During 2019 more information about the Douma investigation reached the public domain. This began with the release of the engineering assessment in May 2019, continued with the briefing of a panel convened by the Courage Foundation in October 2019 and the release of more internal documents including the original draft of the interim report in December 2019, and finally the release of a written statement provided to the UN Security Council.
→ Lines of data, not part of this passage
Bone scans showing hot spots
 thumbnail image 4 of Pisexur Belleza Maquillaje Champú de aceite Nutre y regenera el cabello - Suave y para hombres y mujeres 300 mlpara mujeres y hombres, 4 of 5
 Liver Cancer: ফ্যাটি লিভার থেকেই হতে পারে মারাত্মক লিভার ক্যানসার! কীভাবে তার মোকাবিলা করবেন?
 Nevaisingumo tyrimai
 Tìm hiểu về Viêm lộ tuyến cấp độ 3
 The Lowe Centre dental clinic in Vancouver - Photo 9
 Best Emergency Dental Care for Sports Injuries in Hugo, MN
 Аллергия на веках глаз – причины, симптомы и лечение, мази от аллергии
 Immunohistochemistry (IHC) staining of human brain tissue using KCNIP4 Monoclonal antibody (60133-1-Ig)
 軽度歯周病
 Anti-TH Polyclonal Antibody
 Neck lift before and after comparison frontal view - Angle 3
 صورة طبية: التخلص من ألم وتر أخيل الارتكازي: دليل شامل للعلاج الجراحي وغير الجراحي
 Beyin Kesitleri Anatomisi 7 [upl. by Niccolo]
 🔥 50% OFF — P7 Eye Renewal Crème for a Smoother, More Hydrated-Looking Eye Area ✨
3.1 Attempt to substitute a modified report for the original interim report
We now know that the published Interim Report, which reported only lab results, was the result of a stand-off between the Team Leader Sami Barrek and the other inspectors. In June 2019 a secretly-prepared modified report had been substituted for the original interim report.
This original interim report had stated that “Although the cylinders might have been the sources of the suspected chemical release, there is insufficient evidence to affirm this”. The modified report asserted instead that there was “sufficient evidence at this time to determine that chlorine, or another reactive chlorine-containing chemical, was likely released from cylinders.” The section on the epidemiology of chlorine release incidents in the original interim report, which had noted that in such incidents most of those exposed manage to escape, was omitted from the modified report.
The original interim report had noted that preliminary observations on the cylinders and the impact sites raised doubts about the story that the cylinders had been dropped from the air:
The FFM team is unable to provide satisfactory explanations for the relatively moderate damage to the cylinders allegedly dropped from an unknown height, compared to the destruction caused to the rebar-reinforced concrete roofs. In the case of Location 4, how the cylinder ended up on the bed, given the point at which it allegedly penetrated the room, remains unclear. The team considers that further studies by specialists in metallurgy and structural engineering or mechanics are required to provide an authoritative assessment of the team’s observations.
In the modified report this passage was removed, and the question of “how the cylinder ended up on the bed” at Location 4 was replaced by assessing “the trajectory of the cylinder”, implicitly excluding the possibility of manual placement.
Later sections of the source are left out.